» EXERCISE
Without including any picture, repeat the records below exactly.

» DATA EXTRACT
◇ ◇ ◇ ◇ ◇
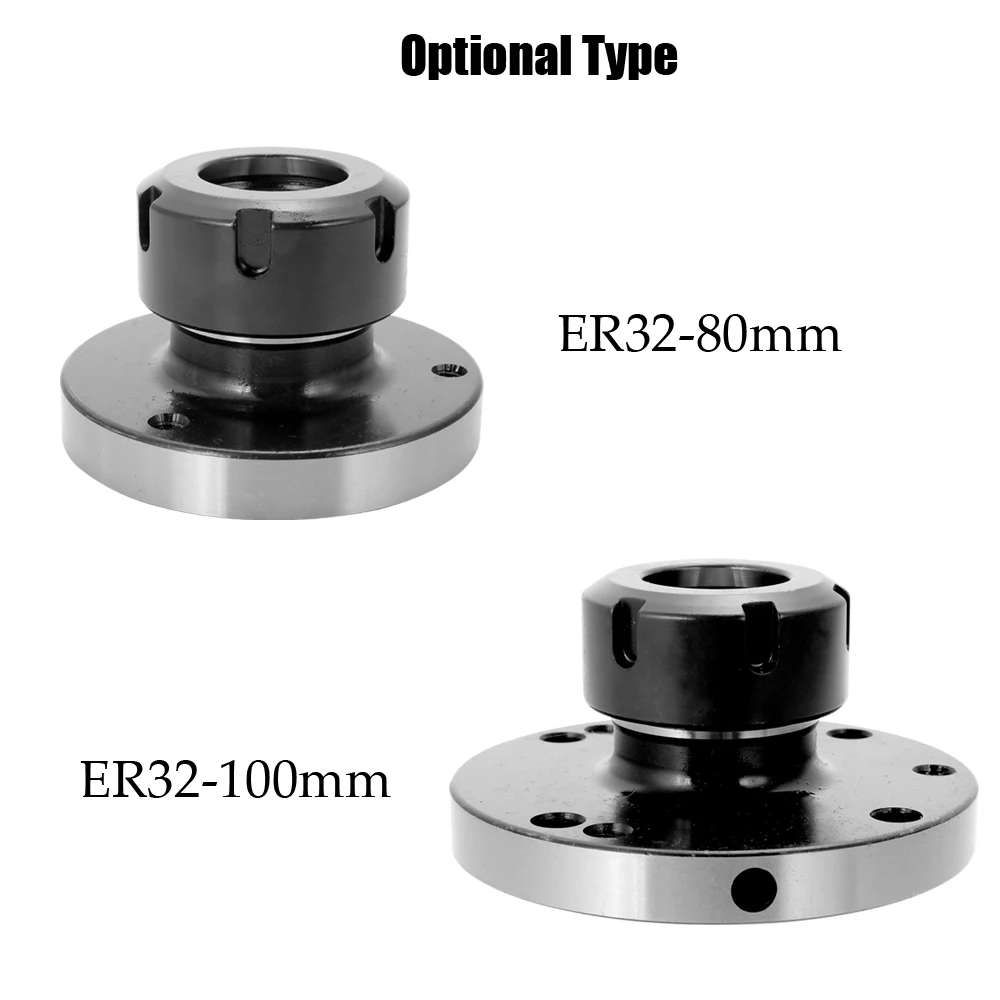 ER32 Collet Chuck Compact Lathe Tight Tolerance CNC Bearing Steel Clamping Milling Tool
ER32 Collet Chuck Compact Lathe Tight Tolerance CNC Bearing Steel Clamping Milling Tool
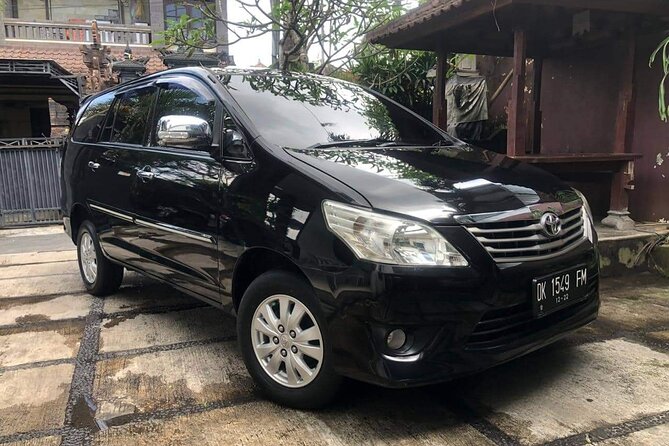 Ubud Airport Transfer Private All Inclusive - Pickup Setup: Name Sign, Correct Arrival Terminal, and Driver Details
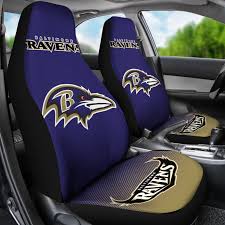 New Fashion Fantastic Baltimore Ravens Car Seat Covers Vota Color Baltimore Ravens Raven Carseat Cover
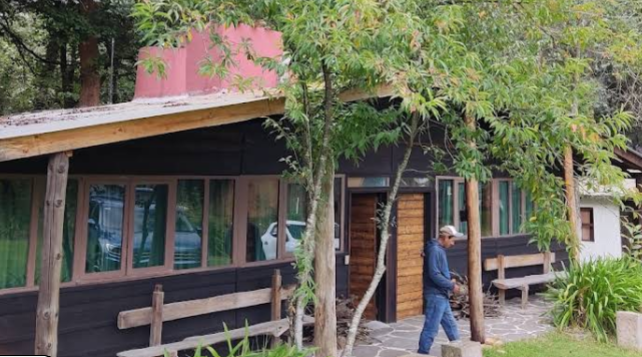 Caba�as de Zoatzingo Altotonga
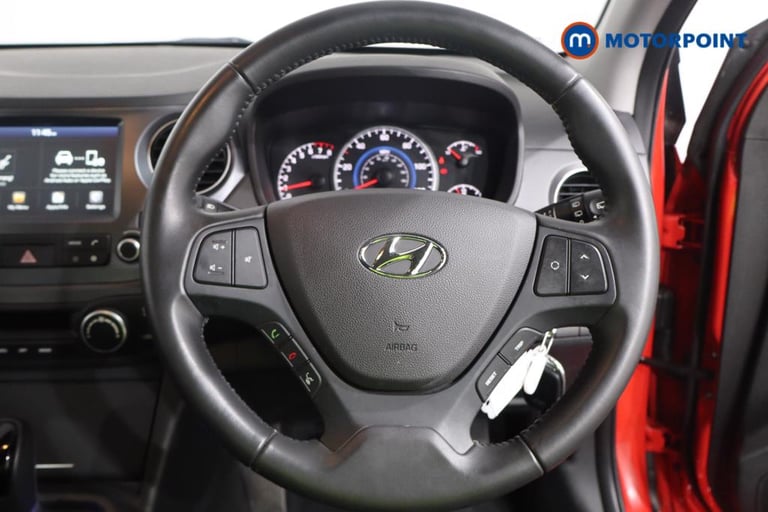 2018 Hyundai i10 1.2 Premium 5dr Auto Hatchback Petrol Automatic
◇ ◇ ◇ ◇ ◇
» ANSWER
 ER32 Collet Chuck Compact Lathe Tight Tolerance CNC Bearing Steel Clamping Milling Tool
ER32 Collet Chuck Compact Lathe Tight Tolerance CNC Bearing Steel Clamping Milling Tool
 Ubud Airport Transfer Private All Inclusive - Pickup Setup: Name Sign, Correct Arrival Terminal, and Driver Details
 New Fashion Fantastic Baltimore Ravens Car Seat Covers Vota Color Baltimore Ravens Raven Carseat Cover
 Caba�as de Zoatzingo Altotonga
 2018 Hyundai i10 1.2 Premium 5dr Auto Hatchback Petrol Automatic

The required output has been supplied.